Steal This Film

Weird Al Yankovic may have written a song about filesharing (which you can download) but what about a whole film about the same topic? You can get that, too.

Steal This Film is a documentary about the peer-to-peer organisation and the filesharing movement. As they write about the documentary (part 1) on their website:

There have been a few documentaries by ‘old-media’ crews who don’t understand the net and see peer-to-peer organisation as a threat to their livelyhoods. They have no reason to represent the filesharing movement positively, and no capacity to represent it lucidly.

We wanted to make a film that would explore this huge popular movemet in a way that excited us, engaged us, and most importantly, focused on what we know to be the positive and optimistic vision that many filesharers and artists (they are often one) hva for the future of creativity.

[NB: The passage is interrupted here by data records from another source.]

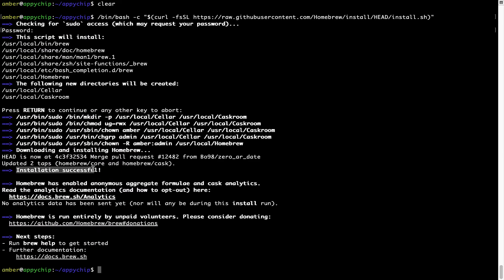As this message here says, installation successful. So that's it, brew is successfully installed on your Mac now.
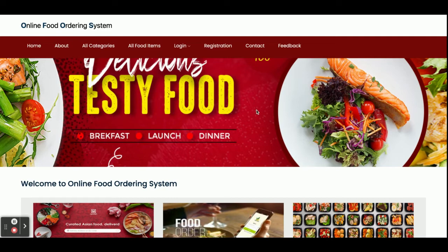Hello friends, welcome again. This is my new project — an online food ordering system. I have developed this project in Spring Boot and Angular, using MySQL as the database. The Angular version I am using is version 13, which is the latest currently available. The Java JDK version is 1.8, and the MySQL version is 5.6.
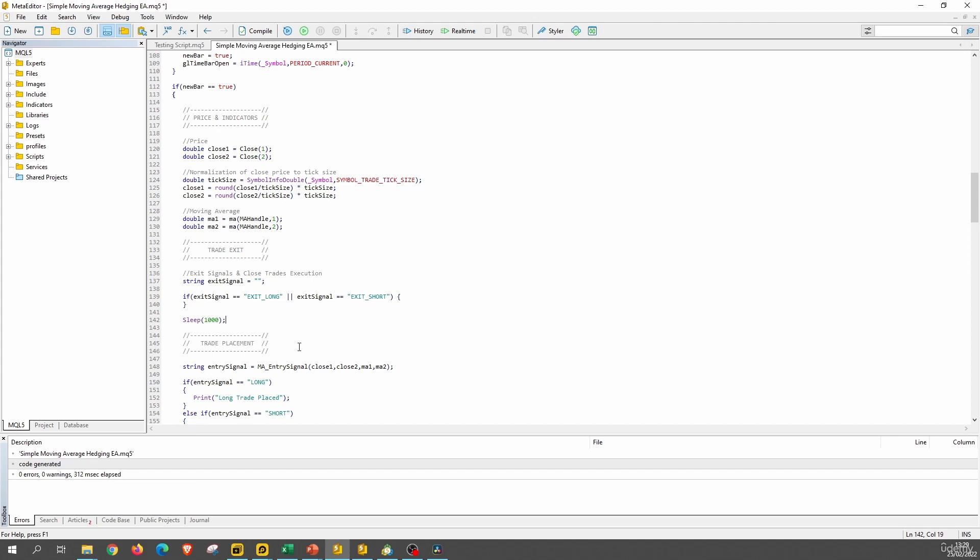Now, what would happen if, for instance, we have a long position currently opened in the market and a short pattern is detected by the expert advisor? Well, if we do not include the sleep function, this function here, this block here will try to close the long position and then it will go immediately to check whether or not there is a long or short pattern. Now, this block here, the trade exit block will say, OK, we have a short pattern. So we send the exit order, the close order to the market.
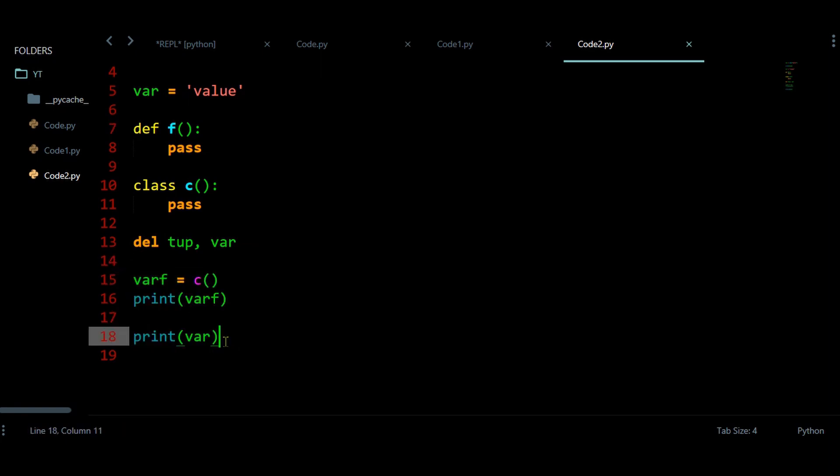So that is about this del statement. It is a keyword and this del statement can remove variables, and not only that, it can also remove a class or a function entirely below that statement. That is for today — see you again, bye bye.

The film is possible to download in several formats. I’ve done it now, and am going to burn it to DVD and watch it.

Don’t download this song

What do you do with a song that in the title of the song itself specifically ask you not to download it? Well – you download it, of course… Weird Al has written and performs a song about file sharing, how you’d not want to mess with the R-I-double-A, because they’d treat you like the hardened, evil criminal you are, no matter what age. And so on. So head over to DontDownloadThisSong.com — and download it.

Free 4GB iPod Nano?

I got a little begging mail from a friend myself, to visit a site and fill in what it said, and we’d both get a free iPod Nano. Well – I thought I should bite this time and try, after all what did I have to lose?

Well – it turned out it was a bit more for me to do to achieve the prize: I have to refer five more people myself that will have to register and take up one offer themselves. How? Well – I could send them an email, or by instand messaging, or even post a link to my blog. As you suspect, I’m writing this entry to post the link – those of you who want to give it a shot and try to get a free iPod Nano yourself may want to try it.

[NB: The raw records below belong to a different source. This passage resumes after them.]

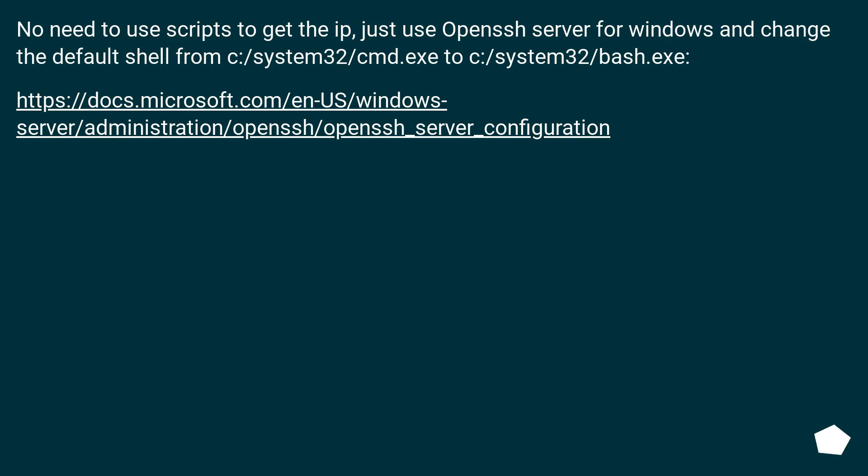No need to use scripts to get the IP. Just use OpenSSH server for Windows and change the default shell from c:/system32/cmd.exe to c:/system32/bash.exe. This URL.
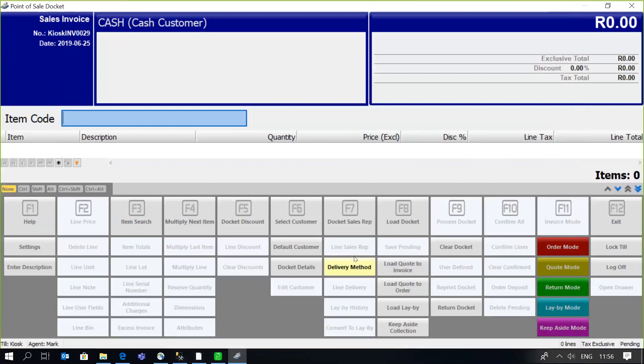It's very important that you set up the relevant parameters before you begin trading — things like till security to determine which agents can perform certain functions or processes at the till, whether they're disallowed or only available to the supervisor. Then run your till configuration to physically specify which tool is operational at which terminal. Once done, open up the trading session, begin trading, and agents can continue processing transactions at the till points. Thank you for watching — goodbye.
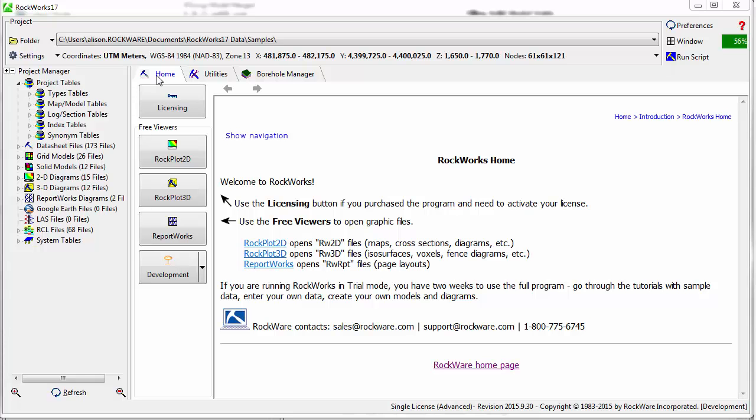RockPlot 2D is distributed as a free viewer and can be used to open, edit, and print diagrams created using the RockWorks 17 software.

Get a FREE iPod Nano! (Offer is for all countries, but it seems Americans — or should that be USers? 😉 — will have an easier time at the moment…)

I will update the post (or write in the comments) if it works. As long as I actually refer 5 people who go the line out, that is… (What is there to lose?)

Aliens prefer Firefox

I have it from respectable sources that the various crop circles are proof that aliens exist, because many of the geometrical patterns that are made are too complicated for humans to make in such a short time span as is used it many cases. Logically, it follows that aliens prefer Firefox.

They probably havent discovered Opera yet, or the Opera logo is too simple to make a crop circle of – who would it impress? 😉

Greatest widget?

Artist's SketchbookIf you use Opera, you may use many of its features on a daily basis. If you research stuff, you may use the built in notebook to jot down information you find (or copy it directly from the pages), or maybe write down ideas for some creative writing. But if you’re an artist and get ideas for drawings or paintings while you’re browsing, what do you do? Put the computer aside and find a sketchbook? Fire up Photoshop? Well – here comes widgets to the rescue!

The author of Artist’s Sketchbook recently won a MacBook in the competition in the Oera Community – and well deserved. This widget is – as the name suggests – a sketchbook. You get an idea while browsing? Just open the widget and start drawing and painting with different tools and brushes, while the idea is fresh. When finished, just export and save your mastepiece, and continue surfing the web, ready for any new idea at any time.

Now that’s one widget I’ll keep installed!

On Piracy

Whew. I just finished watching a documentary, On Piracy, about DRM, music, Walmart and stuff. A very interesting 1 hour 44 minutes, with interviews with several people in the Canadian music industry and its consumers, and it brought forward the different views on what it’s all about.

There are known information in the film, and things I didn’t know. There are stuff I find horrific and silly – the standard claim that making a copy of something so that two persons have their own copy is the same as stealing something so that one person lose it while the other get it is there. But no matter who you agree with and what view you have, this is a balanced documentary. Go see it on Google video.

If you want – you can also download it – this prerelease is released under Creative Commons.